The method you choose depends on whether you want to generate a new voice style or reproduce a specific speaker.


Create a voice from a description

Select Create a voice from a description to generate a voice based on a short written description of the speaker.

This method is useful for quick exploration and testing different voice styles. The system generates several sample voices that you can preview before creating the voice.

Because the voice is generated from text, the quality and accuracy of the result depend on how clearly the description defines the speaker.

If you need a voice based on a specific person or want a highly consistent voice across projects, consider creating a voice using Upload Audio or Record Audio instead.


Writing effective voice descriptions

The description determines how the generated voice will sound. It defines the speaker’s characteristics such as language, accent, personality, and speaking style.

Clear descriptions usually produce better results. Including details such as gender, age range, tone, pacing, or emotional style helps the system generate a voice that matches your intent.

Short descriptions can also work well when you need a neutral or general-purpose voice. For example, a simple prompt like “confident female training instructor” may already produce a suitable result.

Choose the level of detail based on your goal. A distinctive character voice may require more description, while a standard narrator may only need a few key attributes.


How to structure a voice description

For more predictable results, it helps to include a few key elements in your description.

Start by specifying the language and regional accent of the speaker. Then define the gender and approximate age range.

Next, describe the persona or role of the speaker, along with a few words that capture the emotional tone of the voice.

Finally, add one or two short sentences explaining how the voice should sound and be delivered. You can describe the tone, pacing, clarity, or speaking style.

Example:

A native Spanish speaker with a neutral Latin American accent. Female, around 35–45.

Persona: corporate trainer. Tone: confident, supportive, professional.

Warm and clear voice with steady pacing and precise articulation. Speaks in an instructional style that emphasizes key points while remaining approachable.


Description tips

  • Avoid describing audio effects such as reverb, echo, phone, or tape

  • Clearly specify the language and regional accent

  • Focus on describing the speaker and delivery style, rather than technical audio terms


Upload or record your voice

Instant voice cloning is powerful, but the quality of the result depends entirely on the quality of the input.

A clean, natural recording will produce a voice that sounds authentic and stable.

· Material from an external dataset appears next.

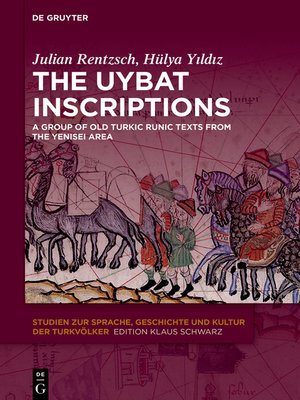 cover image of The Uybat Inscriptions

A poor recording will limit the outcome, no matter how advanced the model is.


Minimum requirements

To achieve reliable results, make sure the source audio meets the following criteria:

  • 30 to 90 seconds of clean speech

  • No background noise

  • No music

  • No reverb or echo

  • Natural tone of voice, not shouting or whispering

The goal is to capture how the speaker normally sounds in everyday conversation.


Ideal recording setup

For best results, record in a controlled environment:

  • A quiet room with soft surfaces such as curtains, sofas, or carpets

  • A good USB microphone instead of a laptop’s built-in mic

Modern smartphones also have surprisingly good microphones and can produce excellent results when used properly.


Mobile recording

Recording on a mobile device is fine if:

  • The room is quiet

  • There is no echo or background noise

  • The speaker talks clearly and naturally

  • The recording is made in a voice memo app at the highest available quality

A short, clean recording in a quiet space will always outperform a longer recording in a noisy environment. Prioritize clarity over length, and natural delivery over performance.